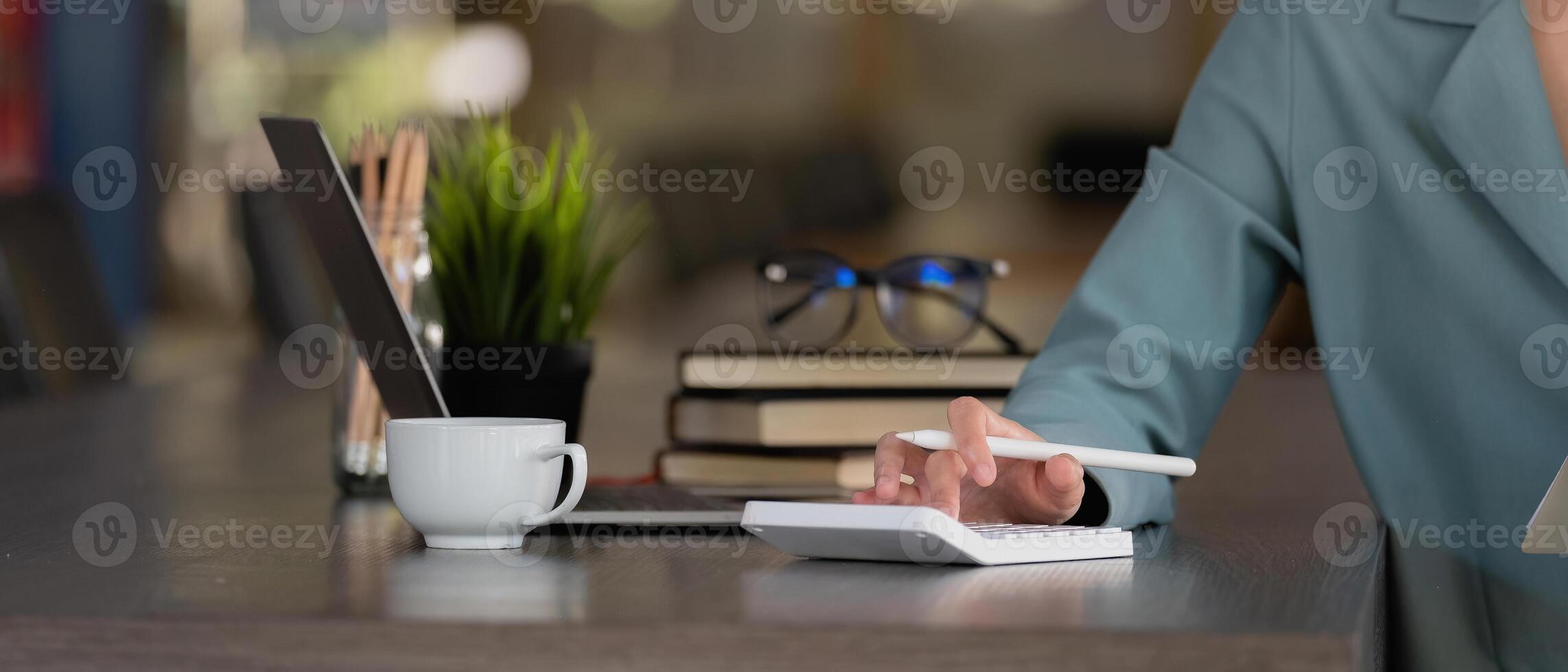 Close up businesswoman using calculator for analysis maketing plan, Accountant calculate financial report, computer with graph chart. Business, Finance and Accounting concepts photo
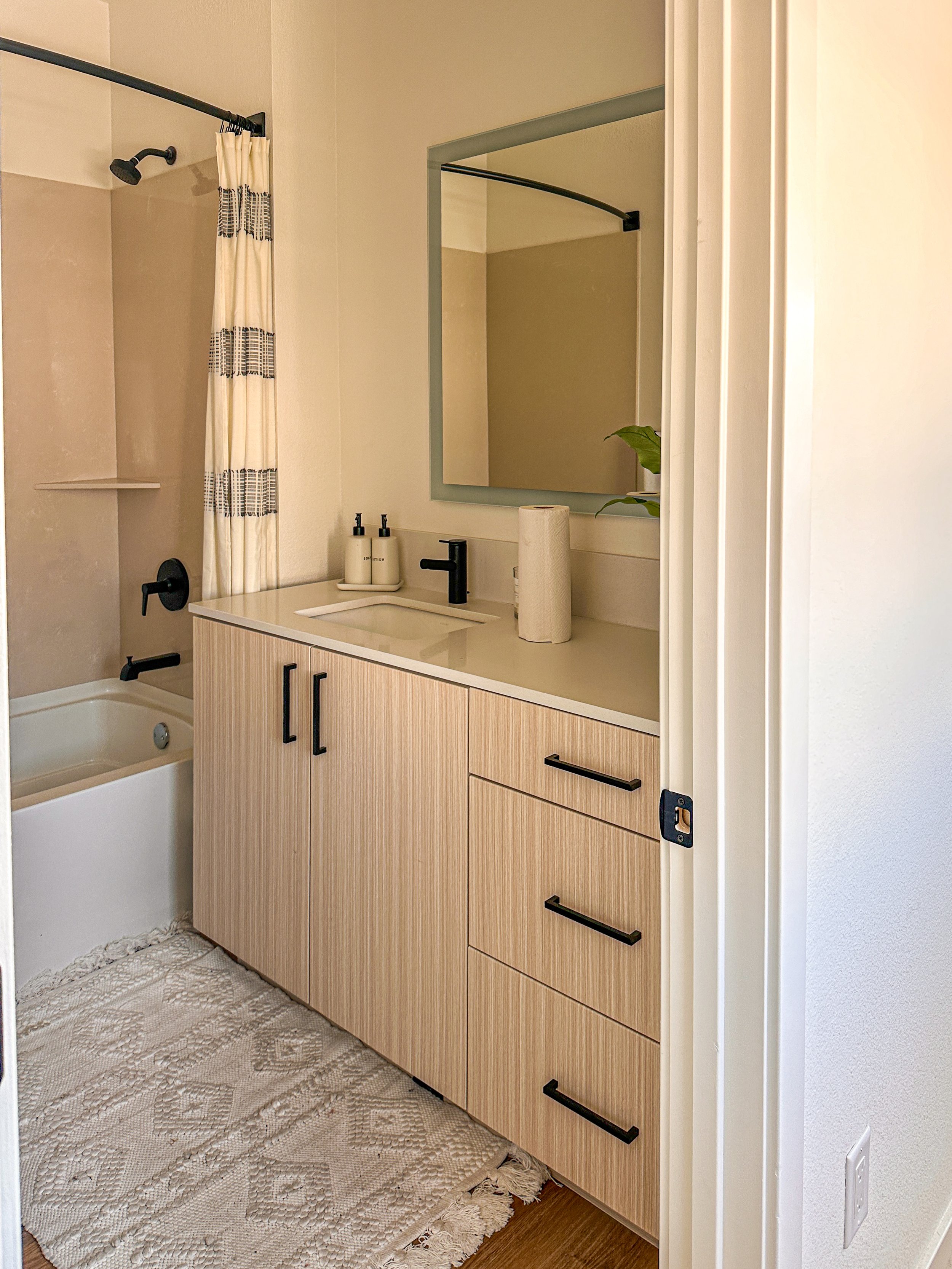 Bathroom with a vanity with a mirror, a sink, black faucet, and black handles on the cabinets. A towel paper holder, hand soap, and a paper towel roll are on the vanity. There is a bathtub with a shower curtain. A rug is on the wooden floor.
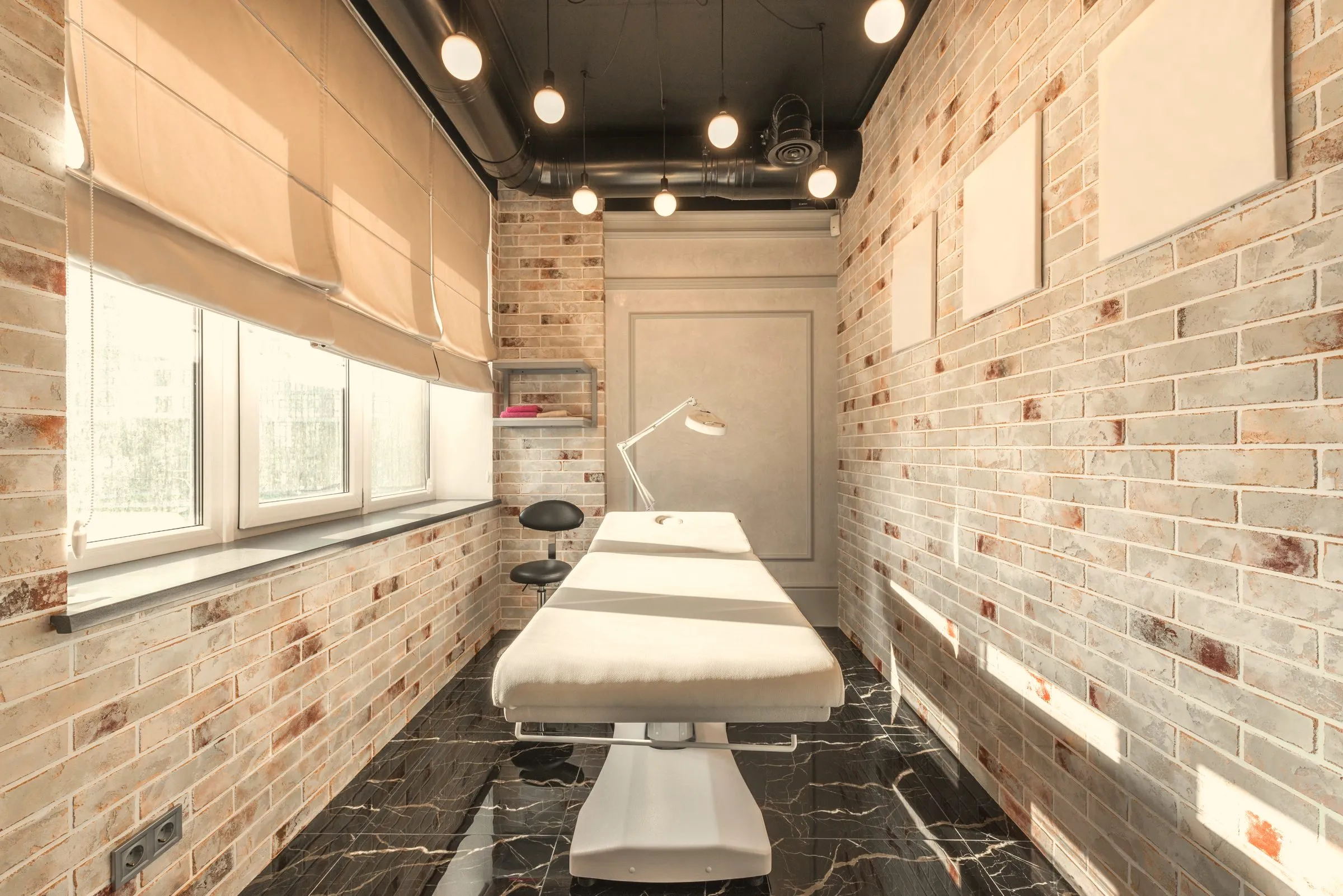 A made-up treatment bed in a narrow room with linen blinds, pale brick walls and daylight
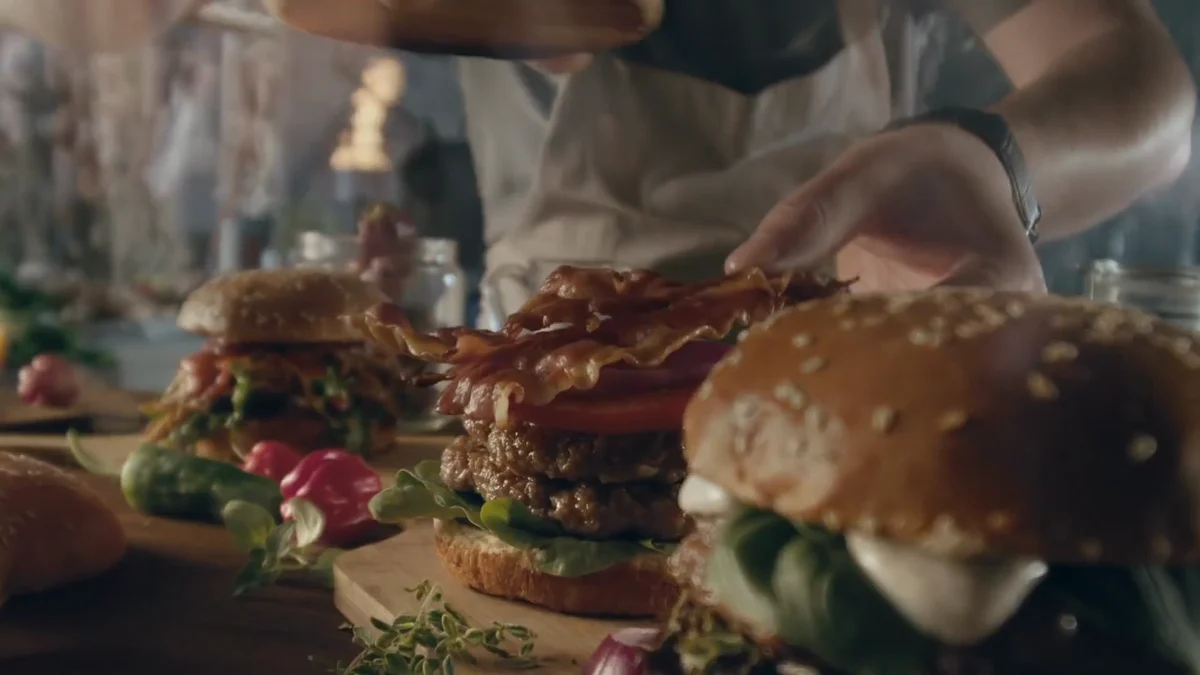 Film Bell BBQ : préparation de plusieurs burgers en gros plan.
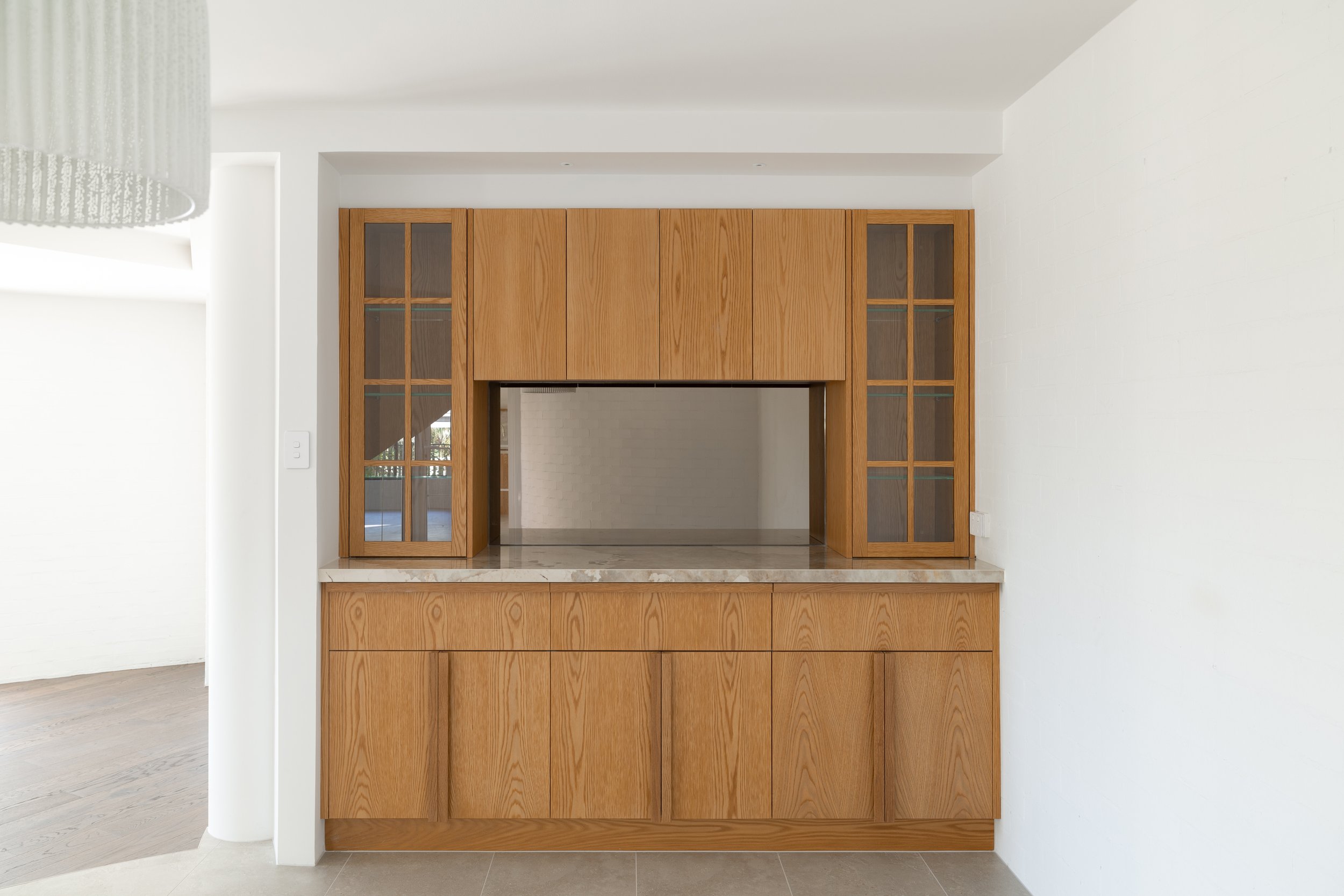 Wooden built-in kitchen cabinet with glass-paneled doors and marble countertop.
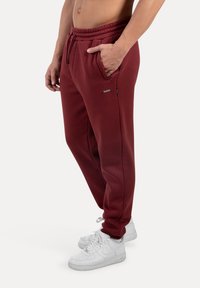 Muž v tmavě červených teplácích se elastickým pasem a šňůrkou, v bílých teniskách, stojící s jednou rukou v kapse.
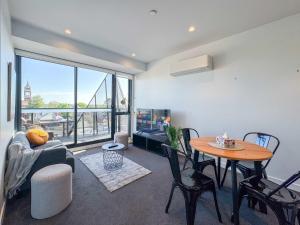 Modern 2B Apt with Views Near Swinburne University في ملبورن: غرفة معيشة مع طاولة وأريكة وتلفزيون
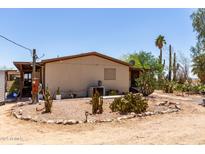 View of home exterior with desert landscaping including cacti and gravel at 49478 W Val Vista Rd, Maricopa, AZ 85139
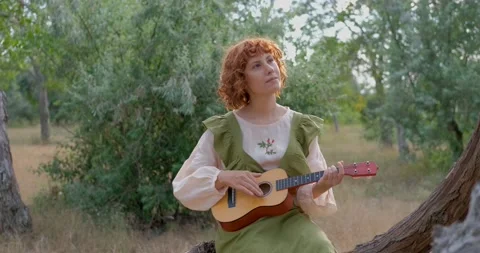 Female with ukulele Stock Footage 139355650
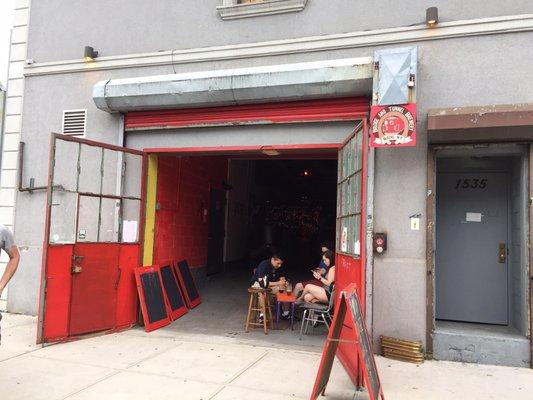 Look for the red doors. It's like a tunnel to beer.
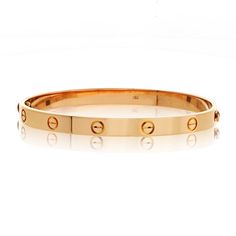 Cartier Love 18K Rose Gold Size 20 Bangle Bracelet. 100% Authentic preowned. Old model where the screws come out. Center Diamond Weight: 0.00Metal Type: 18K Rose GoldMetal Weight: 36.6 gr.Signed: CartierCondition: Excellent.Stock: RR9516 Cartier Gold Bangle Bracelet For Wedding, Cartier Gold Jubilee Bracelet For Wedding, Cartier Gold Bracelet With Polished Finish For Wedding, Rose Gold Polished Bangle For Wedding, Rose Gold Bangle With Polished Finish For Wedding, Cartier Gold Bracelet With Polished Finish For Anniversary, Designer Rose Gold Bangle, Modern Rose Gold Wedding Bracelet, Luxury Rose Gold Bangle For Anniversary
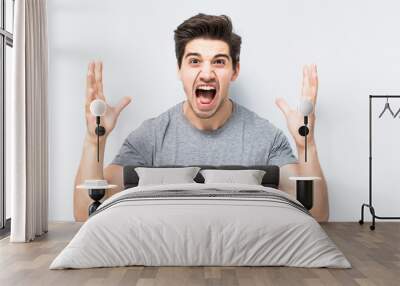 Portrait of smiling man with the fists up isolated a white background Wall mural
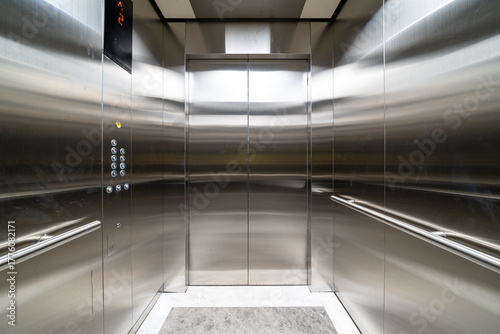 modern elevator with stainless steel walls, control buttons, and a digital floor display, clean and sleek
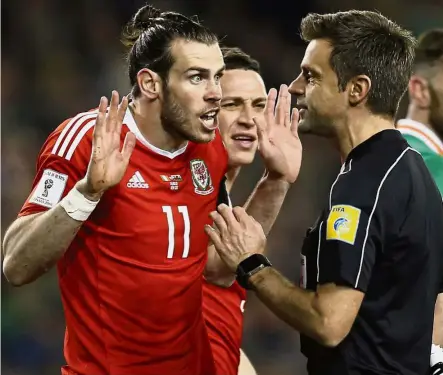  ??  ?? It wasn’t my fault: Wales’ Gareth Bale arguing with referee Nicola Rizzoli before getting booked in the 2018 World Cup qualifier against Ireland in Dublin on Friday. — Reuters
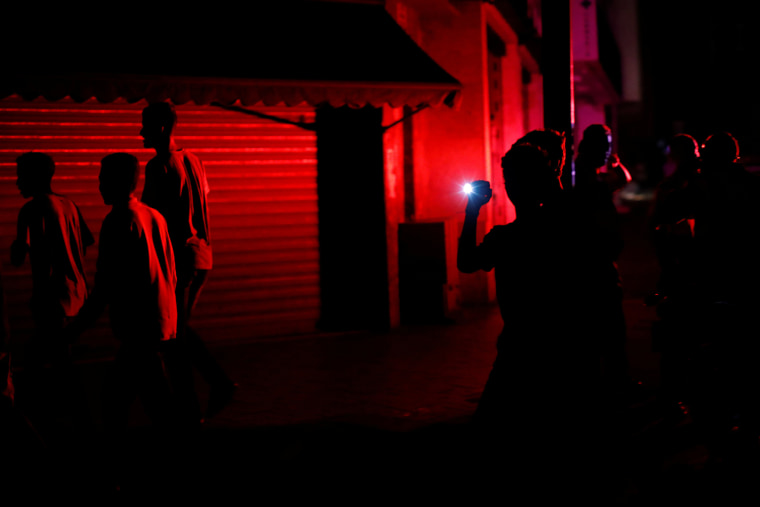 Image: People walk on the street during a blackout in Caracas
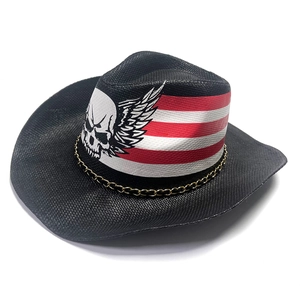Detail of black straw cowboy hat featuring golden chain and American flag skull print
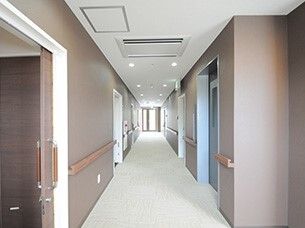 手すりがついた幅広の廊下の様子。両側の壁に個室のドアがある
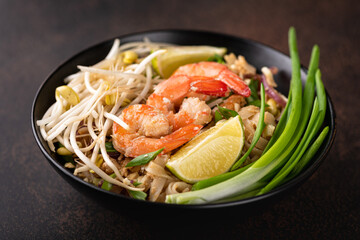 Pad Thai with shrimp on a stone background, selective focus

* **Task to carry out**:
Leave out the pictures and return the listing exactly.

* **Output for this exercise**:
 Close up businesswoman using calculator for analysis maketing plan, Accountant calculate financial report, computer with graph chart. Business, Finance and Accounting concepts photo
 Bathroom with a vanity with a mirror, a sink, black faucet, and black handles on the cabinets. A towel paper holder, hand soap, and a paper towel roll are on the vanity. There is a bathtub with a shower curtain. A rug is on the wooden floor.
 A made-up treatment bed in a narrow room with linen blinds, pale brick walls and daylight
 Film Bell BBQ : préparation de plusieurs burgers en gros plan.
 Wooden built-in kitchen cabinet with glass-paneled doors and marble countertop.
 Muž v tmavě červených teplácích se elastickým pasem a šňůrkou, v bílých teniskách, stojící s jednou rukou v kapse.
 Modern 2B Apt with Views Near Swinburne University في ملبورن: غرفة معيشة مع طاولة وأريكة وتلفزيون
 View of home exterior with desert landscaping including cacti and gravel at 49478 W Val Vista Rd, Maricopa, AZ 85139
 Female with ukulele Stock Footage 139355650
 Look for the red doors. It's like a tunnel to beer.
 Cartier Love 18K Rose Gold Size 20 Bangle Bracelet. 100% Authentic preowned. Old model where the screws come out. Center Diamond Weight: 0.00Metal Type: 18K Rose GoldMetal Weight: 36.6 gr.Signed: CartierCondition: Excellent.Stock: RR9516 Cartier Gold Bangle Bracelet For Wedding, Cartier Gold Jubilee Bracelet For Wedding, Cartier Gold Bracelet With Polished Finish For Wedding, Rose Gold Polished Bangle For Wedding, Rose Gold Bangle With Polished Finish For Wedding, Cartier Gold Bracelet With Polished Finish For Anniversary, Designer Rose Gold Bangle, Modern Rose Gold Wedding Bracelet, Luxury Rose Gold Bangle For Anniversary
 Portrait of smiling man with the fists up isolated a white background Wall mural
 modern elevator with stainless steel walls, control buttons, and a digital floor display, clean and sleek
  ??  ?? It wasn’t my fault: Wales’ Gareth Bale arguing with referee Nicola Rizzoli before getting booked in the 2018 World Cup qualifier against Ireland in Dublin on Friday. — Reuters
 Image: People walk on the street during a blackout in Caracas
Detail of black straw cowboy hat featuring golden chain and American flag skull print
 手すりがついた幅広の廊下の様子。両側の壁に個室のドアがある
 Pad Thai with shrimp on a stone background, selective focus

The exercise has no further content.